Pinki Devi, PhD: Optimizing watermelon grafting to enhance biotic and abiotic stress tolerance.
Alex Cornwall, PhD: Identifying Lactuca sp. with genetic barcoding and taxonomy and gene exploration of wild relatives of Lactuca sativa.
Srijana Shrestha, MS: Educational materials for biodegradable mulch.
Aidan Kendall, MS: Resource conservation in cider apple production.
ASHS Extension Materials Award: Establishing a Cider Apple Orchard for Mechanized Management. Factsheet. Alexander, T., E. Scheenstra, J. King, S. Musacchi, and C. Miles. WSU Extension publication EM117E, 23p.
New Grant Projects
Establishing Camellia sinensis as a new crop for the Washington nursery industry. Washington State Department of Agriculture Nursery Research.
Vegetable Seed Pathology
Surveys for bacterial diseases of onion, and many field trials evaluating management practices were completed in 12 states as part of a $4 million USDA Specialty Crops Research Initiative project. Details of the project are available on the ‘Stop the Rot’ project website.
Research by PhD student, Kayla Spawton, verified the presence of two species of Stemphylium causing Stemphylium leaf spot of spinach. Isolates of the species predominant in southern states are resistant to the main group of fungicides growers have used to manage this disease, which explains why they have had increasing losses to the disease. Isolates of that species only cause disease on some spinach cultivars, which enables growers to manage the disease by selecting resistant cultivars.

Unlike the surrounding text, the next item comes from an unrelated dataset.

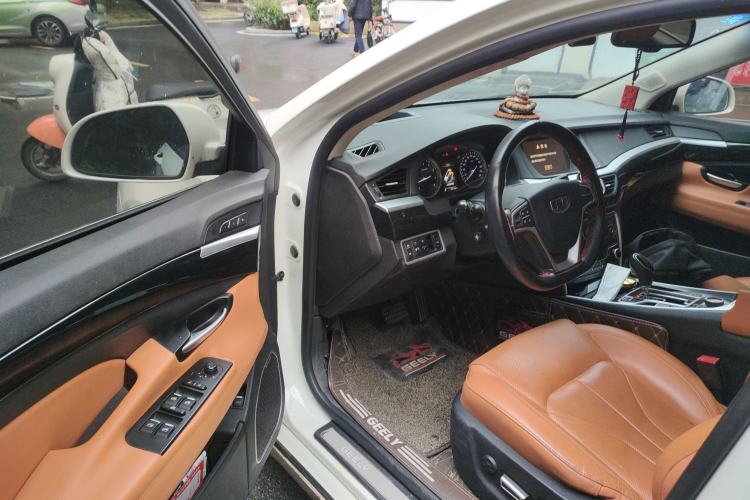 Used Geely Auto Emgrand GT 2015 1.8T Flagship Model Driver Seat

Research by PhD student, Alex Batson, demonstrated there are two pathogenicity groups of the spinach Fusarium wilt pathogen, Fusarium oxysporum f. sp. spinaciae. The two groups can be distinguished genetically, and 68 commercial cultivars showed a differential reaction to the two groups of the fungus. This has important implications for growers selecting cultivars to plant, and for breeders developing cultivars with resistance to Fusarium wilt. Sanjaya Gyawali, Research Associate, identified excellent resistance to Fusarium wilt in wild spinach accessions collected from the center of origin of spinach.
Ryan Solemslie defended his MS thesis successfully in November.
Alex Batson, PhD: The genetic basis of pathogenicity to spinach of Fusarium oxysporum f. sp. spinaciae.
Stephanie Crane, MS in Ag: Management of Pseudomonas syringae pv. aptata in table beet and Swiss chard. Stephanie works full-time in the plant pathology program at Sakata Seed America in Mount Vernon.
Marilen Nampijja, PhD: Management of Pseudomonas syringae pv. aptata in table beet and Swiss chard seed production.
Ryan Solemslie, MS: Cold season emergence, vigor, and seedling blight resistance screening in sweet corn. Ryan defended his MS thesis in November 2020 and is interviewing for jobs in the seed industry.
Kayla Spawton, PhD: The ecology and management of Stemphylium leaf spot of spinach.
Alex Batson received the Storkan-Hanes-McCaslin Fellowship ($10,000) in support of his PhD research on Fusarium wilt of spinach.
A systems approach for managing bacterial blight of carrot. USDA NIFA SCRI. Dung, J., du Toit, L.J., Greenway, G., Savory, E., Sidhu, J., and Stoll, R. $174,080 for du Toit of $2,999,366 from 2020-2023.
Screening carrot germplasm for resistance to cavity spot and bacterial blight. L.J. du Toit, P. Simon, and M.R. McDonald. CA Fresh Carrot Advisory Board. $22,950.
Etiology, biology, and management of Stemphylium leaf spot of spinach. L.J. du Toit and K. Spawton. Texas Wintergarden Spinach Producers’ Board. $19,464.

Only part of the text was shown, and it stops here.